司沐北劍眉挑起,笑吟吟地道:“顧小姐,到這個時候你還跟我裝傻,就沒意思了哦。”
陳希望也挑眉輕哼一聲,道:“我只是向艦長閣下學了一手而已。”
司沐北哈哈大笑起來。
“你到我房間裡到底來幹什麼?”陳希望無奈地問。
司沐北道:“我被你害得,不得已讓出自己所有的地盤,自然要來找你要地盤了。”
陳希望呵呵笑了兩聲,道:“你是不得已讓出地盤,還是另有陰謀,只怕只有你自己才知道吧。”
“說真的,”司沐北坐起身來正色說道。呃,陳希望發現他坐得筆直,此時應是以真正的軍人姿態坐在那裡。“我之所以會找上你,是希望和你聯手,而不是和你互相算計。”
陳希望翻了個白眼,道:“是你先前的態度表現得很曖昧,所以才讓我感覺你是在算計我。”
司沐北道:“我當時並不知道你早就已經發現了獨孤銘的陰毒。”不然也不會他只提有個幻術異能者盯上了她,她就將獨孤銘引來攻擊他了。他可沒說那個盯上她的幻術異能者是獨孤銘哦。

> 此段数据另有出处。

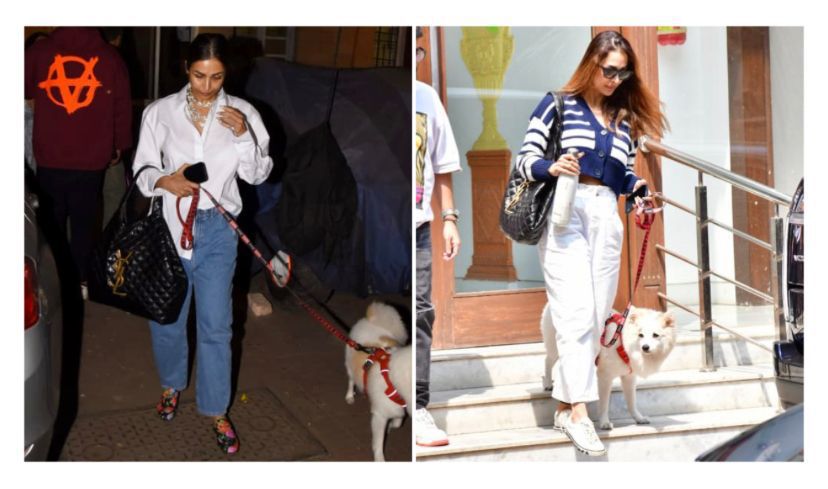Buy First Copy Ysl Yves Saint Laurent Tote Bag - Master Quality 7A Mirror at Lowest Price Online India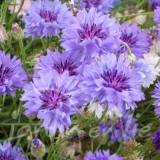 CENTAURÉE Bleuet Barbeau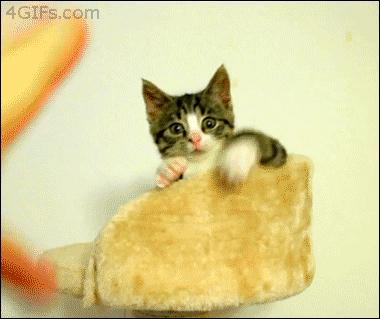 跟猫咪玩耍的时候它咬人,猫咪咬人怎么办一招教你制服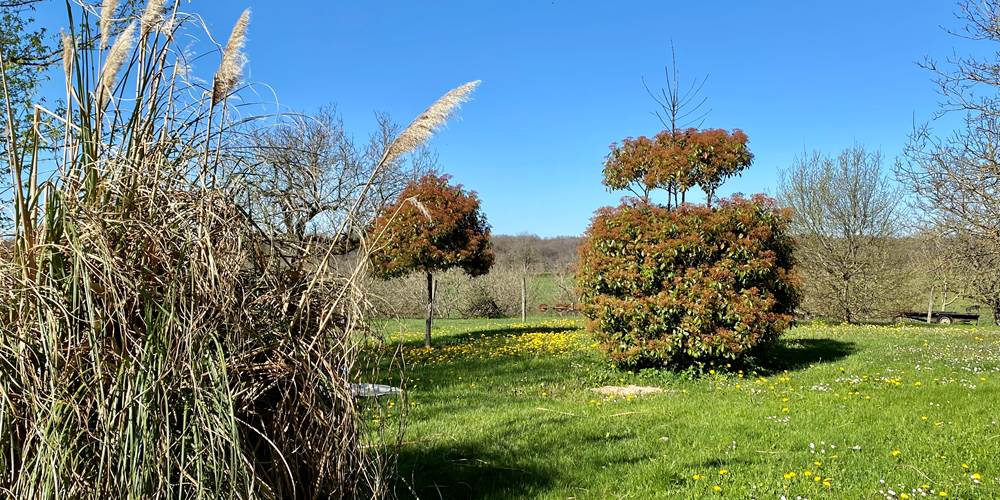 Parc en fleurs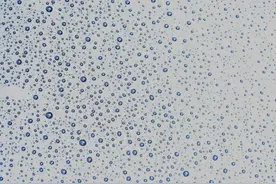 水是生命之源？这存在一个悖论图片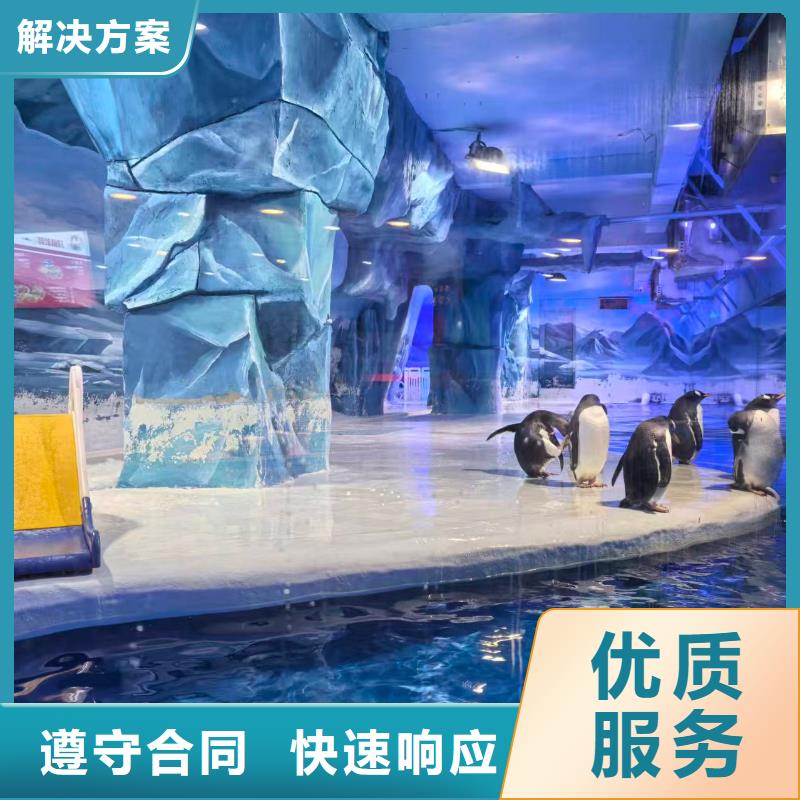 企鹅出租价格行情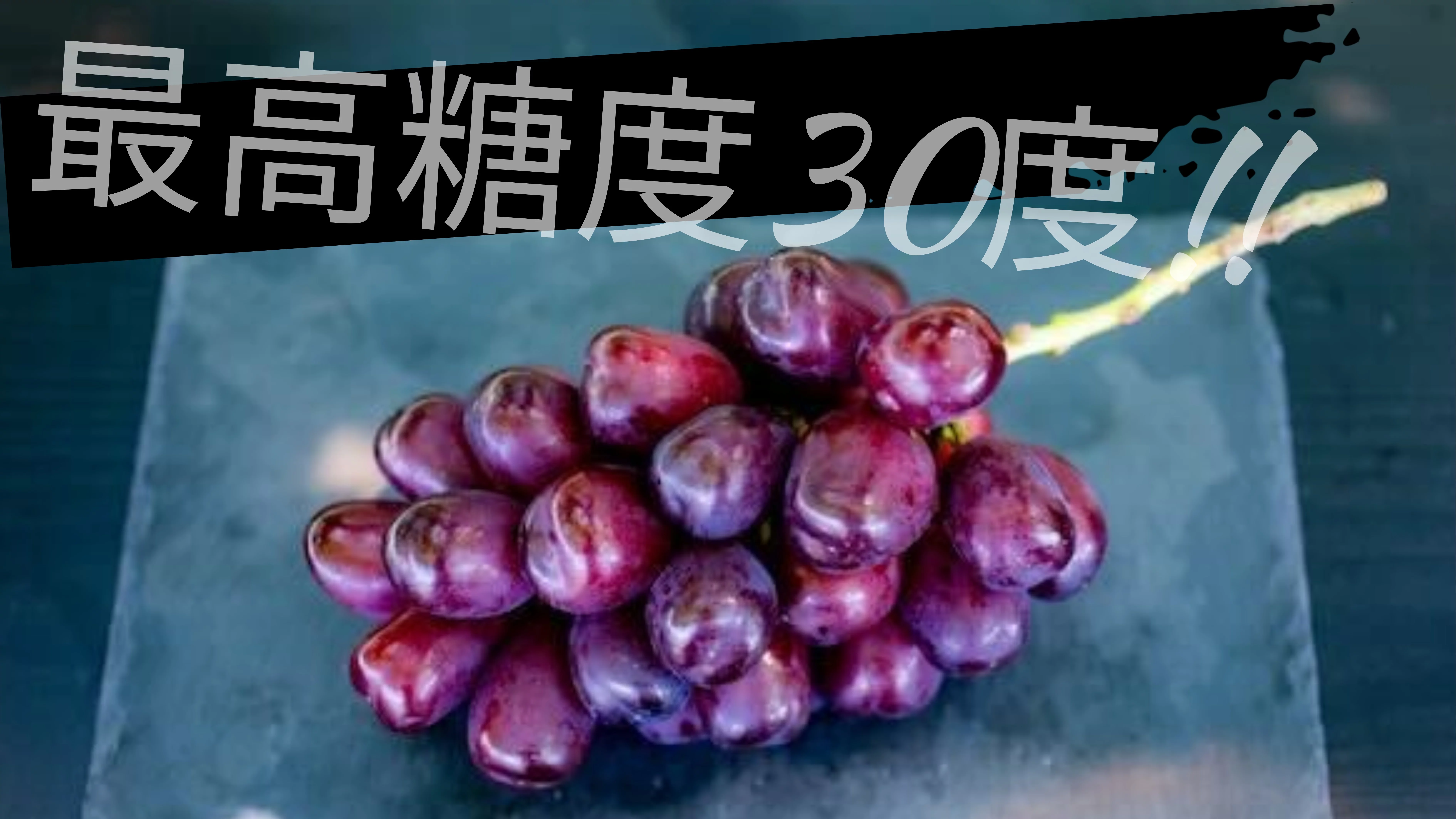 富士の輝き　三点まとめ 糖度30度も！！？まるでハチミツのような甘さのぶどう。一口で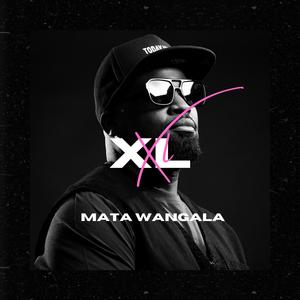 XL (Shatta remix)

陳希望道:“這麼說,你找我說出那麼一番話,其實是想試探一下我的態度和立場?”
“不錯。”司沐北道,“現在你的態度和立場已經很明顯,所以我覺得咱們可以合作。”
陳希望道:“以艦長閣下的強大異能,真的收拾不了獨孤銘?”
司沐北無奈道:“我無法收拾的是他死後,整個艦上的人都將面臨的變異水生物群與飛禽群上下夾攻的形勢。”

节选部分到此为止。